Reviewing working procedures

The Patent Legal Administration has proposed a number of significant changes to the PTO's regulations to improve application processing. The proposed changes affect a wide variety of PTO processes, and are designed to reduce cycle time, align fees with work performed, and help prepare for the electronic processing of applications and publishing of patents.

On March 30, 1998, we inaugurated a Patent Working Lab to test new working procedures.
The goals of the lab are to:

  • improve patent application processing;
  • train technical support personnel to perform higher-level functions and thereby enable the examiners to focus on legal and technical work;
  • encourage teamwork and collaboration between team members;
  • improve examination quality;
  • improve customer and employee satisfaction.
  • We will assess the results of the lab from our customers' and employees' perspectives, as well as the agency's.

After six months of operation, the participants are enthusiastic about working in the lab environment. Employee satisfaction has improved significantly since the lab opened, and examiners and support staff are finding new ways to help each other.

On October 1, the lab entered the second phase of operation. This phase will test procedural changes incorporated into the program as a result of the experience gained from the first months of lab operation.

Goal 5: Assess fees commensurate with resource use and customer efficiency.

In order to encourage innovation and to ensure low-cost access to the patent system, our patent system has a fee to file patent applications much lower than the actual cost of processing those applications. We recover our costs through fees charged to maintain issued patents. The General Accounting Office, in past consultations, has pointed out that this does not align well with the actual costs of processing a patent, which tend to be high during the examination of the application and low after the patent is issued. The PTO has a responsibility to ensure that the patents and trademarks system encourages the broadest participation, however, and the current fee structure was designed with that end in mind. We will work with Congress to establish a fee schedule, aligned with costs, that encourages maximum participation in the patents and trademarks system. This goal also represents the third of our HIA commitments within the patent business area.

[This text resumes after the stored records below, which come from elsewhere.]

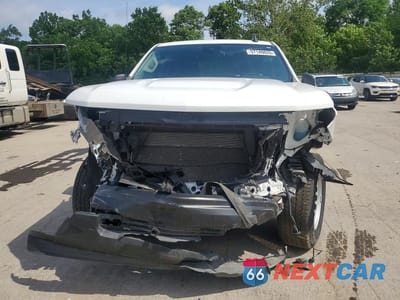 Piąte zdjęcie samochodu w środku: 2025 CHEVROLET SILVERADO K1500 VIN:1GCUKAED3SZ259223 - miniatura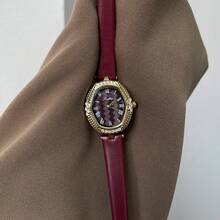 1 chiếc đồng hồ nữ CILOA dây da màu đỏ tía, thiết kế đính đá retro, mặt số La Mã kẻ ô vuông, phù hợp để đeo hàng ngày, đi làm và hẹn hò. - Màu Đỏ Sâu - Xem 5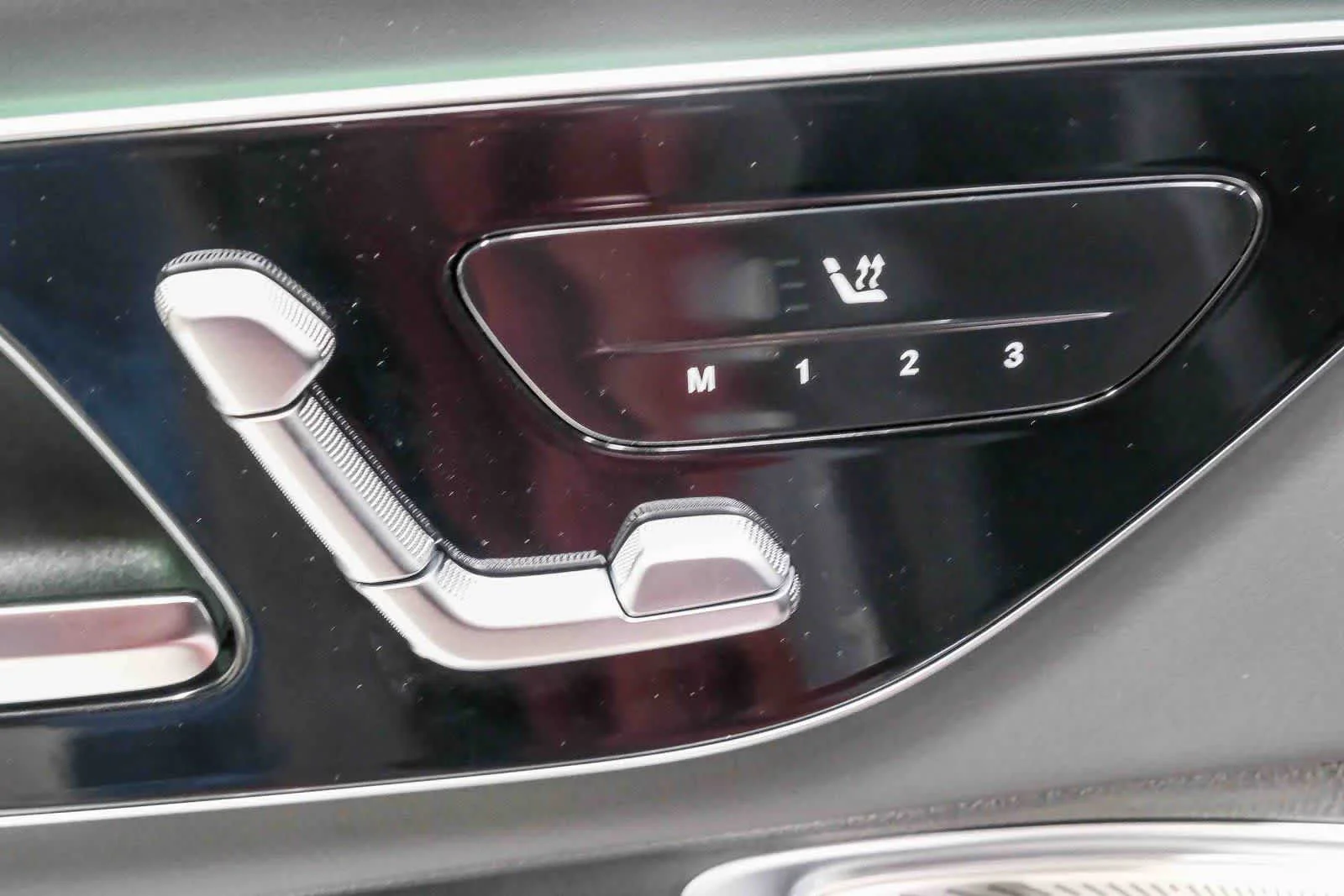 New 2026 MANUFAKTUR Patagonia Red Metallic Mercedes-Benz AMG® CLE 53 image 22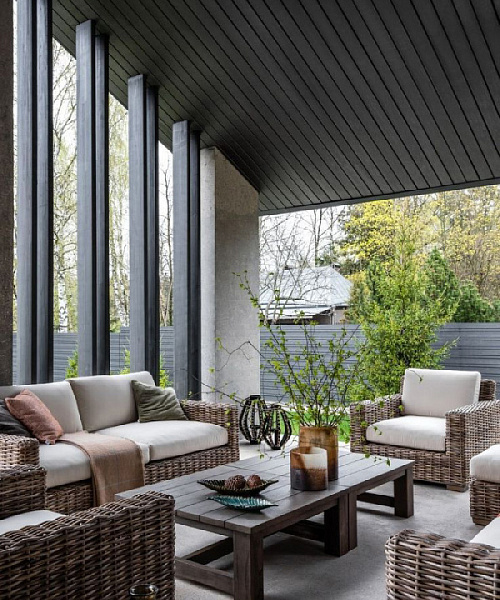 Террасная мебель из ротанга органично вписывается в природное окружение, оживляя пространство и смягчая строгие линии современной архитектуры.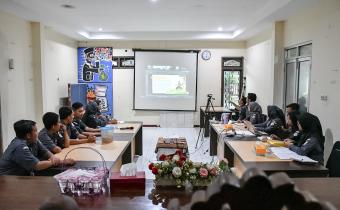 Suasana jajaran Sekretariat Bawaslu Kabupaten Semarang pada kegiatan Rapat Penguatan Penyusunan Sasaran Kinerja Pegawai (SKP) Tahun 2026 secara daring melalui Zoom pada Senin (27/4/2026).
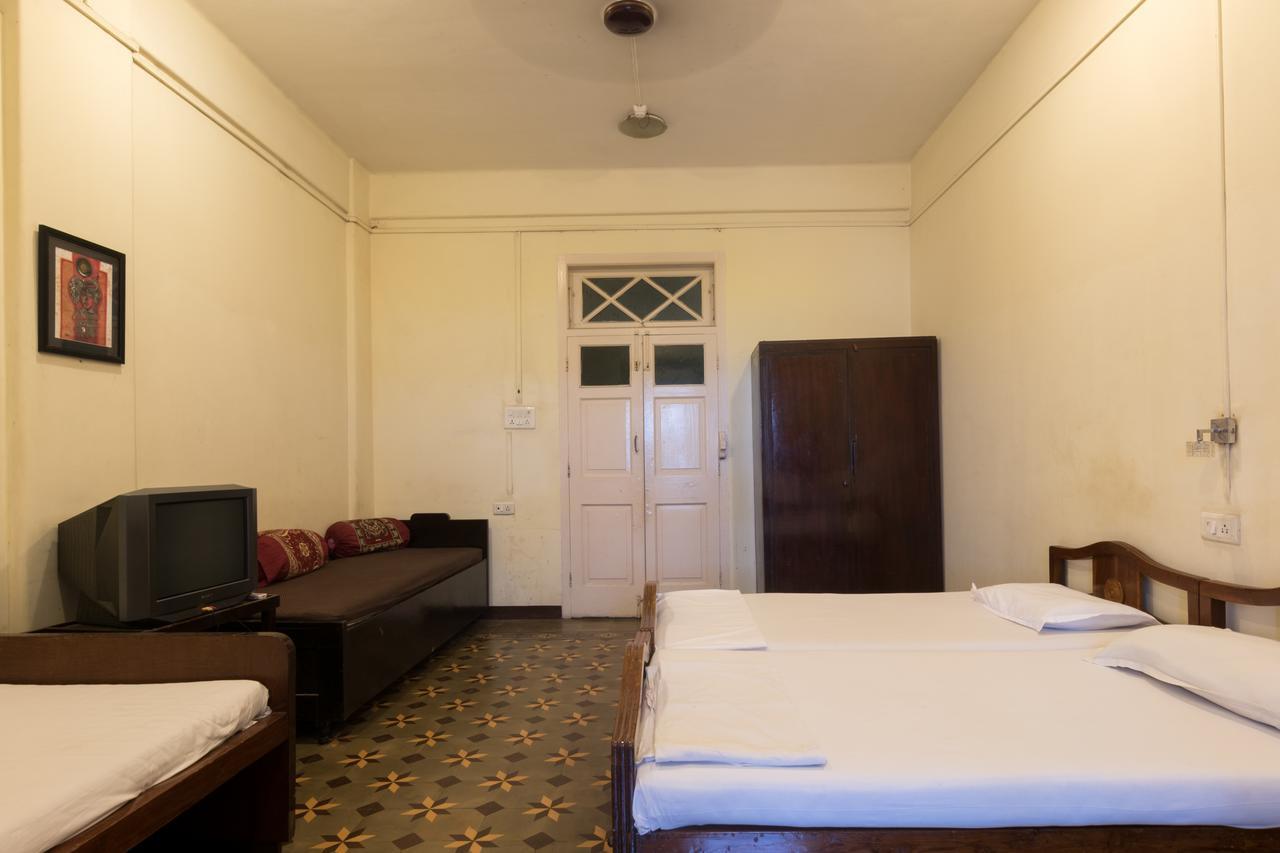 Bed And Breakfast At Colaba Mumbai Exterior foto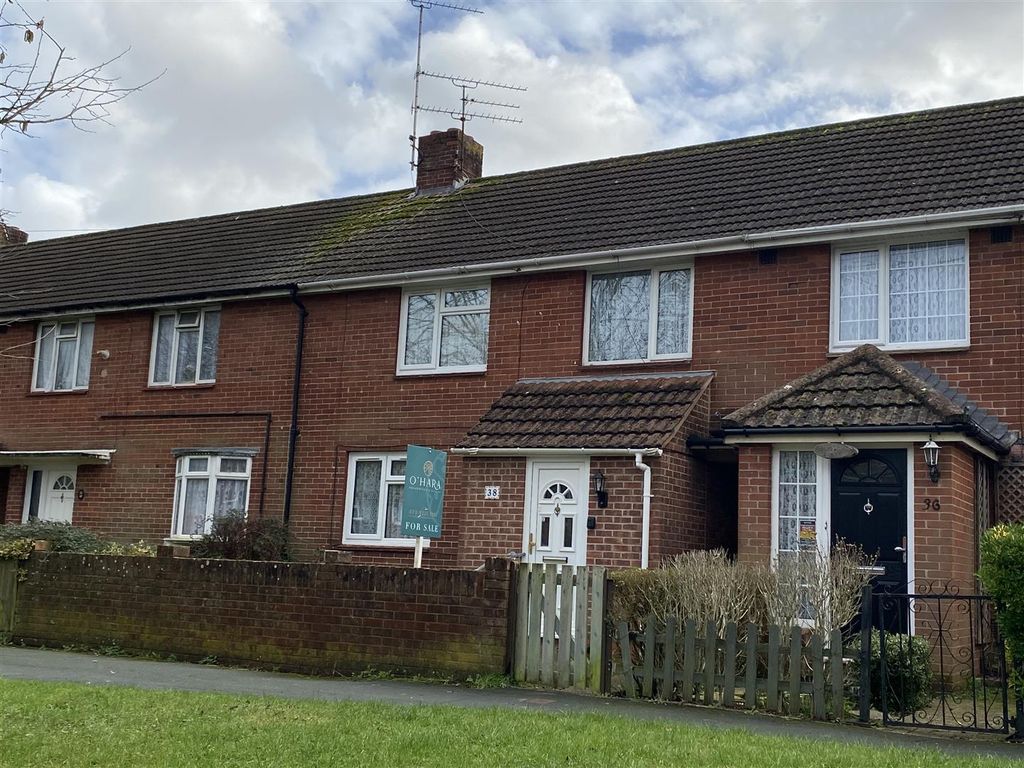 Property photo 1 of 2 Hordle Road Front Shot.Jpeg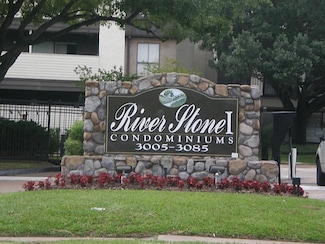 3035 Walnut Bend Ln Unit 35, Houston, TX 77042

We began a project last year to determine if we could realign our fee structure to better match our costs while maintaining or raising customer participation. Teams of PTO employees traveled around the country to eight different cities, meeting with a cross-section of PTO customers and soliciting their views on possible improvements to our fee structure. A summary of their input has been placed on the PTO's Internet site. We are still examining the results of those meetings, and will discuss our conclusions with our customers before recommending any changes. In addition, we are conducting an activity-based costing project to obtain accurate cost data to accompany our customers' input.

Footnotes:

1In 1995, Congress changed the length of a patent's term from 17 years from the date the patent was issued to 20 years after the earliest effective filing date claimed by the applicant. As a result, the time the PTO spends processing an application now directly affects the length of the patent term. In response, we have changed our measure from traditional pendency to processing time, or cycle time. This allows us to measure the time we spend processing an invention, and excludes the time expended by the applicant, such as the time spent by the applicant in making a reply. Also, the pendency method tracked individual patent applications and separately tracked continuations, or second applications filed to continue the prosecution of a parent application; cycle time tracks inventions regardless of the number of applications filed on that invention.